### REQUIREMENT
Go to the line containing "19/04/2009 : 1ère" in the records below and print it and every following line exactly, on through the line containing "Housse Salon de Jardin Imperméable en L", then stop.
BEGIN DATA FOR THE TASK
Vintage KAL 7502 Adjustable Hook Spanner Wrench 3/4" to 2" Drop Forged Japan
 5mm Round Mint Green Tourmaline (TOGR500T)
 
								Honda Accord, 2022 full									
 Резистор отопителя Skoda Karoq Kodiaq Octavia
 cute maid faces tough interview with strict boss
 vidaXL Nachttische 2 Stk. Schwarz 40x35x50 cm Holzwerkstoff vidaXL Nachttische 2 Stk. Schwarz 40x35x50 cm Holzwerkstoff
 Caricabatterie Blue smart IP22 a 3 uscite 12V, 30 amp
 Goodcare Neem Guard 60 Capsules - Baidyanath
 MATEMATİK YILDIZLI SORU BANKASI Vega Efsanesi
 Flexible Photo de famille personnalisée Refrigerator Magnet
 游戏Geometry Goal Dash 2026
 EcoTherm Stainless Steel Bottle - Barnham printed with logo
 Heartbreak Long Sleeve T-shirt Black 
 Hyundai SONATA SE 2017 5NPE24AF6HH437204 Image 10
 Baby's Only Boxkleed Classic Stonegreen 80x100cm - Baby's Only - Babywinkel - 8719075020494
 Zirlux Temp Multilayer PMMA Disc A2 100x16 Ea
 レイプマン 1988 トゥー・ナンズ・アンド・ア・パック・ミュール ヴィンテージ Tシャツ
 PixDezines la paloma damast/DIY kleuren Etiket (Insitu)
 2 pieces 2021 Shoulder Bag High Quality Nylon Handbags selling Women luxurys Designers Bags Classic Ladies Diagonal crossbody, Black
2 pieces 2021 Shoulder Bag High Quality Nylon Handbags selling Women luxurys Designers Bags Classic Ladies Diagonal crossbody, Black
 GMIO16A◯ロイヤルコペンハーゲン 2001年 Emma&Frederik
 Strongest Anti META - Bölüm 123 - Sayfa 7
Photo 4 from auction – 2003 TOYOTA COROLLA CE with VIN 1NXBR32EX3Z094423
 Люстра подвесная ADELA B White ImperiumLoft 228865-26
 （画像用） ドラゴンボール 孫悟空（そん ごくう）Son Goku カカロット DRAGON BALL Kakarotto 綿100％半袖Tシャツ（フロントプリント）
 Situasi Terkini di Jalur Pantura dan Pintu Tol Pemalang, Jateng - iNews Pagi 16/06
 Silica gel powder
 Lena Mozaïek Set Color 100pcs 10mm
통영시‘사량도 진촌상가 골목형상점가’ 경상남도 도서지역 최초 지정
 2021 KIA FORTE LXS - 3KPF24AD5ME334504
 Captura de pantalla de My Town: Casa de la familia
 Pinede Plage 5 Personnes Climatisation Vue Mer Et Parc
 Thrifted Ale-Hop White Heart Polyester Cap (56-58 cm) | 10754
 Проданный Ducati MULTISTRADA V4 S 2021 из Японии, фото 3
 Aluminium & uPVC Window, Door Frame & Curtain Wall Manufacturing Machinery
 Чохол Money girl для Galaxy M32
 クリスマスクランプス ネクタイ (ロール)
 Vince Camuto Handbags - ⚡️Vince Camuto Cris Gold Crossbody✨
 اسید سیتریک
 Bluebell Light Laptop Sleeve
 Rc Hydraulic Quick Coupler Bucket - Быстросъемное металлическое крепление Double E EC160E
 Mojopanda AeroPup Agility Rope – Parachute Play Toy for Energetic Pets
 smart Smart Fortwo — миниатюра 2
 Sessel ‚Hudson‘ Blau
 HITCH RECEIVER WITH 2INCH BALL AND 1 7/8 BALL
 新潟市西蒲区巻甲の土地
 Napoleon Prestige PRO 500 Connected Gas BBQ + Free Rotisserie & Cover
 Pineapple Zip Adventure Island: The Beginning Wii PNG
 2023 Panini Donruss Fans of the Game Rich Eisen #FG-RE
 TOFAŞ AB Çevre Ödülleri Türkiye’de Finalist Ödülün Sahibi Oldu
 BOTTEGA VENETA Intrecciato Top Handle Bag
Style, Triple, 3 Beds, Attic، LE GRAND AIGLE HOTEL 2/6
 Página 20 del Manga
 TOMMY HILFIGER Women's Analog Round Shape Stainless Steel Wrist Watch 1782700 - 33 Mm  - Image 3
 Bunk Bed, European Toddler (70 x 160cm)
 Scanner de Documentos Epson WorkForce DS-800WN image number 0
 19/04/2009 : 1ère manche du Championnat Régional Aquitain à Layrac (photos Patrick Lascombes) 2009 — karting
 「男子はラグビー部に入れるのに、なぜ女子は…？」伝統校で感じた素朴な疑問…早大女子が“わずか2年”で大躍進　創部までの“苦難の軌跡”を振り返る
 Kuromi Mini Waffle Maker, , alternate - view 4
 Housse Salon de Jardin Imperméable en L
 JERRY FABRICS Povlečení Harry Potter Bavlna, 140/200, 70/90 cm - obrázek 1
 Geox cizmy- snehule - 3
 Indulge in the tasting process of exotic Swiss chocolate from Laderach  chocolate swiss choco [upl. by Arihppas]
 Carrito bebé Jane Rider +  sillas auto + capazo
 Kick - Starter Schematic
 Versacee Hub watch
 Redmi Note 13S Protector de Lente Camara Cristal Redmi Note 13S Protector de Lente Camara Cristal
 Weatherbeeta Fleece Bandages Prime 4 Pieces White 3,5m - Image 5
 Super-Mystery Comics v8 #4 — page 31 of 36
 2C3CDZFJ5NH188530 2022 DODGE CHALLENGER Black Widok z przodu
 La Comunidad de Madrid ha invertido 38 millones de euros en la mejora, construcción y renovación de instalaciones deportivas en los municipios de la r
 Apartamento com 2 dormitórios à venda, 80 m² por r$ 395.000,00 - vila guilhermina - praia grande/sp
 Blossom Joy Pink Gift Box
END DATA FOR THE TASK
### EXPECTED ANSWER
 19/04/2009 : 1ère manche du Championnat Régional Aquitain à Layrac (photos Patrick Lascombes) 2009 — karting
 「男子はラグビー部に入れるのに、なぜ女子は…？」伝統校で感じた素朴な疑問…早大女子が“わずか2年”で大躍進　創部までの“苦難の軌跡”を振り返る
 Kuromi Mini Waffle Maker, , alternate - view 4
 Housse Salon de Jardin Imperméable en L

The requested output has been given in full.